Monumentalny budynek projektu Plüddemann i Klimma
Przepompownia Port Miejski powstała na cyplu Zehndelberg w 1881 r. Nazwa cypla, jak tłumaczyła Ewa Pluta z Muzeum Miejskiego, pochodzi z dialektu flisaków odrzańskich, którzy w ten sposób określali miejsce porośnięte witką brzozową. Pod koniec XIX w. przepompownia w takim kształcie przestała już rozbudowującemu się miastu wystarczać.
W latach 1898-1901 na tym samym cyplu powstała nowa przepompownia. Monumentalny budynek w stylu neogotyku zaprojektowali znani wrocławscy architekci Richard Plüddemann (twórca m.in. mostu Grunwaldzkiego i Hali Targowej) i Karl Klimm (razem z Plüddemannem zaprojektował most Zwierzyniecki i budynki szpitala przy Rydygiera). W obiekcie zostały wykorzystane dekoracje stylu arkadowego. Przez lata była to główna przepompownia ścieków dla Wrocławia.
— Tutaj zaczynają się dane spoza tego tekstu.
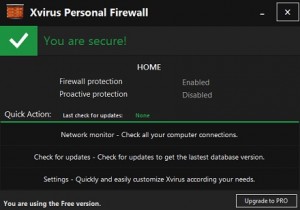 Xvirus Personal Firewall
- Co ciekawe był to system ekologiczny. Ponieważ pola irygacyjne to już jest ekologiczny system filtrowania ścieków. Po drugie odzyskiwano szlam z tzw. piaskowników. Piaskowniki to były takie miejsca, na których zbierano na kratownicy piasek i większe zanieczyszczenia. Po tym, jak je zebrano, sprzedawano je jako ekologiczny nawóz podmiejskim sadownikom i rolnikom.Ewa Pluta z Muzeum Miejskiego we Wrocławiu
Przepompownia po wojnie
Przepompownia działała do 1945 r. Wówczas funkcjonowało już w mieście 16 mniejszych i większych tego typu obiektów. Podczas wojny jej system kanalizacyjny został zniszczony, a Pola Osobowickie, będące główną oczyszczalnią ścieków, zostały zaminowane.
"Kanalarze, którzy po kapitulacji Breslau próbowali zapewnić miastu przyzwoite warunki sanitarne, pracowali z narażeniem życia, bo kanały były częściowo zaminowane albo zablokowane niewypałami" - pisała w "Gazecie Wyborczej" Beata Maciejewska.
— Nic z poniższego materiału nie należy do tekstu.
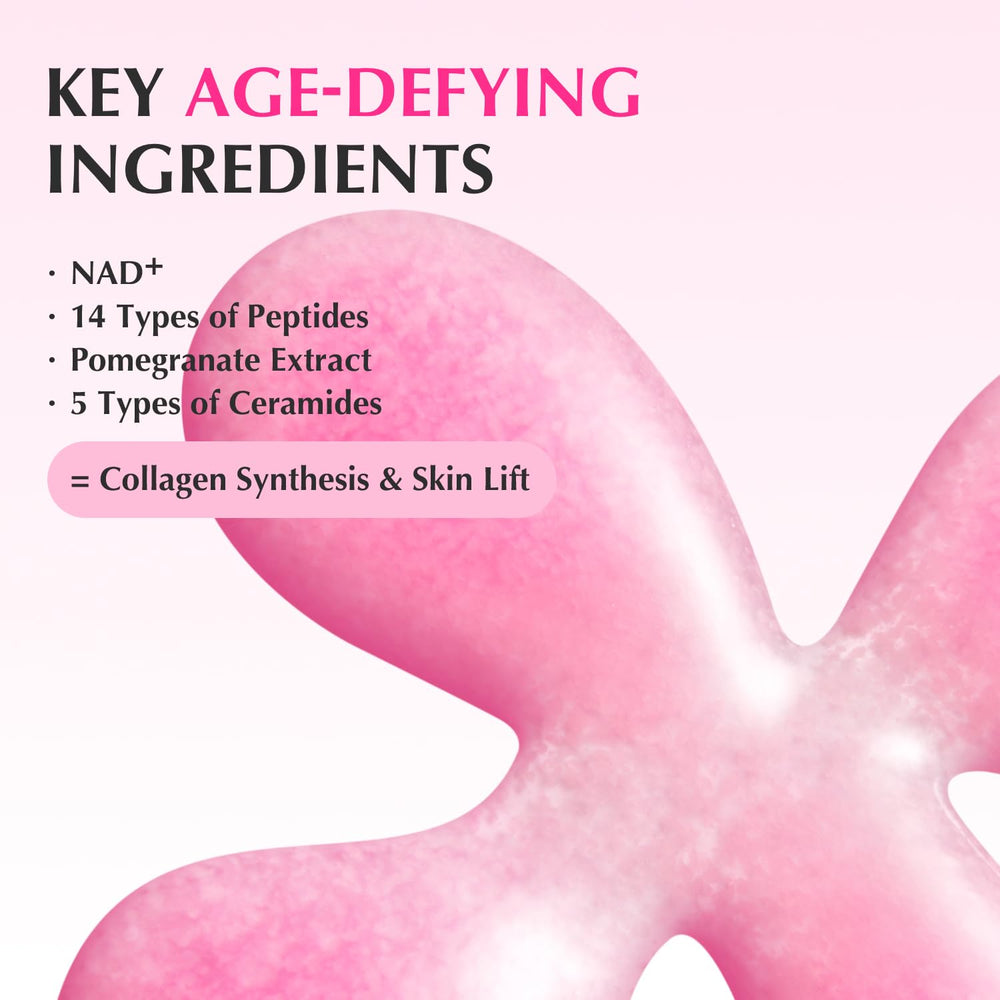 EQQUALBERRY NAD+ Peptide Serum with ceramides hydrates and shields skin.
Szybka odbudowa tego miejsca była jednym z priorytetów nowych władz miasta. W listopadzie 1945 r. przepompownia ruszyła ponownie. W zabytkowym obiekcie zachowało się dużo dawnych dekoracji, charakterystyczna wieża zegarowa, budynki licowane czerwoną cegłą z pełnołukowymi wykrojami okien, ale przede wszystkim oryginalne pompy w hali głównej, które przyjechały do Wrocławia w 1900 r. z fabryki Borsig w Berlinie i służyły do przepompowywania ścieków na pola irygacyjne. W podziemiu przepompowni znajdują się rozległe piwnice, przez które biegnie system rur tłocznych. To nimi ścieki zrzucano na pola irygacyjne Osobowice.
Przepompownię ostatecznie wyłączono z użytkowania w 2015 roku. Na tym samym terenie działa dziś nowa i jest to nadal miejsce pracy brygad kanalizacyjnych.
- W MPWiK, poza podstawowym zakresem naszej działalności, jaką jest produkcja wody i odbiór ścieków, troszczymy się także o dziedzictwo kulturowe i dziedzictwo myśli technicznej, która przejęliśmy po poprzednich właścicieli tego miasta. Sztandarowym przykładem jest przekształcenie dawnego zbiornika wody czystej w dzisiejsze Hydropolis czy wieża ciśnień Na Grobli, która stała się jednym z symboli Wrocławia. To także obiekty mniej znane jak pompownia Świątniki czy właśnie Port Północ i działająca tam do dzisiaj przepompownia ścieków.Witold Ziomek, Prezes Zarządu MPWiK S.A. we Wrocławiu.